◆ Input data ◆
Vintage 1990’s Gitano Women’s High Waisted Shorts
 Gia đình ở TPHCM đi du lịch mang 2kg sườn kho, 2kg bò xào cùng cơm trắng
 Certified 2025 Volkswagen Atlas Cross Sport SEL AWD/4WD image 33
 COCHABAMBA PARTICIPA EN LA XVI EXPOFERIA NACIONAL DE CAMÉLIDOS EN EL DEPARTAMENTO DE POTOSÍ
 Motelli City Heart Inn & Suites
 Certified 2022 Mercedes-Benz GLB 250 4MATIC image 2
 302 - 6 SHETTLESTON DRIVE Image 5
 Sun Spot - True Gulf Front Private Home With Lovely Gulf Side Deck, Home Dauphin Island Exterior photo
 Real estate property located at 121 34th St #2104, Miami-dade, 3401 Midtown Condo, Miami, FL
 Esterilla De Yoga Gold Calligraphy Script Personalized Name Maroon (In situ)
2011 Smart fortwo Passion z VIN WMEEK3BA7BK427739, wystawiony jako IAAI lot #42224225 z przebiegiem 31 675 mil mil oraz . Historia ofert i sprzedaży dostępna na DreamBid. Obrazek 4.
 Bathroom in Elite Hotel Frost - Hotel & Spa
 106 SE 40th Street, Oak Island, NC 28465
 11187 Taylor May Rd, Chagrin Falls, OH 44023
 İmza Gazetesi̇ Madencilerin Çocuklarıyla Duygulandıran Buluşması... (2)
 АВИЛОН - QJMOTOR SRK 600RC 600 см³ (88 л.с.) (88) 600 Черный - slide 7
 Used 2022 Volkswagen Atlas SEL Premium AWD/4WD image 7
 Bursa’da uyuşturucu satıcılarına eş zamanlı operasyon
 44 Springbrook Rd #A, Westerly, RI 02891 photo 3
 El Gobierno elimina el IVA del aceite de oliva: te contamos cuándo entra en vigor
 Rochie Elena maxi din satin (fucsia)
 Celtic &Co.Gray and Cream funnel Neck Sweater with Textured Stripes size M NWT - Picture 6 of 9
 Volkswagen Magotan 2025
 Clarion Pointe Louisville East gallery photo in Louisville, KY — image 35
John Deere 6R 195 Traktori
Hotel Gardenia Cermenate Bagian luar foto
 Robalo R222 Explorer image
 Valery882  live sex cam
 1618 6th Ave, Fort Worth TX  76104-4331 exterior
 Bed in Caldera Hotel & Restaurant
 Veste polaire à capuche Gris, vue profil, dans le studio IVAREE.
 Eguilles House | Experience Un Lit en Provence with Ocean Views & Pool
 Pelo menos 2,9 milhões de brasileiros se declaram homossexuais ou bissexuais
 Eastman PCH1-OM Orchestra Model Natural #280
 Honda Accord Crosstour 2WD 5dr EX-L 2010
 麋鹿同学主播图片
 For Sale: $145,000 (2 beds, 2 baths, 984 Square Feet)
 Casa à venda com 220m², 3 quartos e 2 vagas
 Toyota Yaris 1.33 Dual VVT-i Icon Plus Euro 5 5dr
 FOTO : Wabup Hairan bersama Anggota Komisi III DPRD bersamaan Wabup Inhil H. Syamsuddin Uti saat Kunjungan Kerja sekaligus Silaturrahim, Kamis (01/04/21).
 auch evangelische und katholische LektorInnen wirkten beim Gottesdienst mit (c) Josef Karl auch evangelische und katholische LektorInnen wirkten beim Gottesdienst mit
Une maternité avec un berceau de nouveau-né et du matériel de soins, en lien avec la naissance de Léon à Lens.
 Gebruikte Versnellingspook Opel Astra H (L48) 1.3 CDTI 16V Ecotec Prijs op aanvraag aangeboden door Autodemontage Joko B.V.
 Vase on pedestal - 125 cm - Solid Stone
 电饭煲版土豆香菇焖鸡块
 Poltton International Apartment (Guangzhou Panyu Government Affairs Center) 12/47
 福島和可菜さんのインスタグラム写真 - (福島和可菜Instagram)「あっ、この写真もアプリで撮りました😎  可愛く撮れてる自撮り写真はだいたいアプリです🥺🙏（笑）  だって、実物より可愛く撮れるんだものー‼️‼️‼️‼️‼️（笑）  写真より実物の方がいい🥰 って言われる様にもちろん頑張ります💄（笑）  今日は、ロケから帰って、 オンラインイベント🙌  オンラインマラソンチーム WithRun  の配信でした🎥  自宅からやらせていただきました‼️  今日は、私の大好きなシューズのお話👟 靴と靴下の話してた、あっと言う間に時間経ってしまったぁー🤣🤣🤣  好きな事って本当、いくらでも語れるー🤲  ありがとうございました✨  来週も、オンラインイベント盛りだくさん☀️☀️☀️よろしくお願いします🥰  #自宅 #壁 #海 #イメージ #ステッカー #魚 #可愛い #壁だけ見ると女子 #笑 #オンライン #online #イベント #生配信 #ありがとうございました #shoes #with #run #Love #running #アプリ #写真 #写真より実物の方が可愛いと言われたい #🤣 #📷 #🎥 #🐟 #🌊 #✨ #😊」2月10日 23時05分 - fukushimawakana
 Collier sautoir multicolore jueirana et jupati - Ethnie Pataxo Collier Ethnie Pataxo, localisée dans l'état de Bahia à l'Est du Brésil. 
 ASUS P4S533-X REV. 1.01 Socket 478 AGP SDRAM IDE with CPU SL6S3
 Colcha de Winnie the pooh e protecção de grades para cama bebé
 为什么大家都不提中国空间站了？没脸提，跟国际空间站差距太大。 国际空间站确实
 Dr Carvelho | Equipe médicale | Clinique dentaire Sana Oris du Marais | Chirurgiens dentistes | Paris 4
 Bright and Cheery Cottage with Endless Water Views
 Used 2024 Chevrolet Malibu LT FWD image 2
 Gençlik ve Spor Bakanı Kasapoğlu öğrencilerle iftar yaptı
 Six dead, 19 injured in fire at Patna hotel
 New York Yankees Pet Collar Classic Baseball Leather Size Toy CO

◆ Required action ◆
Extract exactly and only the lines above from the line containing "Eastman PCH1-OM Orchestra Model Natural #280" through the line containing "Gottesdienst mit (c)", both end lines included.

◆ Answer to the exercise ◆
 Eastman PCH1-OM Orchestra Model Natural #280
 Honda Accord Crosstour 2WD 5dr EX-L 2010
 麋鹿同学主播图片
 For Sale: $145,000 (2 beds, 2 baths, 984 Square Feet)
 Casa à venda com 220m², 3 quartos e 2 vagas
 Toyota Yaris 1.33 Dual VVT-i Icon Plus Euro 5 5dr
 FOTO : Wabup Hairan bersama Anggota Komisi III DPRD bersamaan Wabup Inhil H. Syamsuddin Uti saat Kunjungan Kerja sekaligus Silaturrahim, Kamis (01/04/21).
 auch evangelische und katholische LektorInnen wirkten beim Gottesdienst mit (c) Josef Karl auch evangelische und katholische LektorInnen wirkten beim Gottesdienst mit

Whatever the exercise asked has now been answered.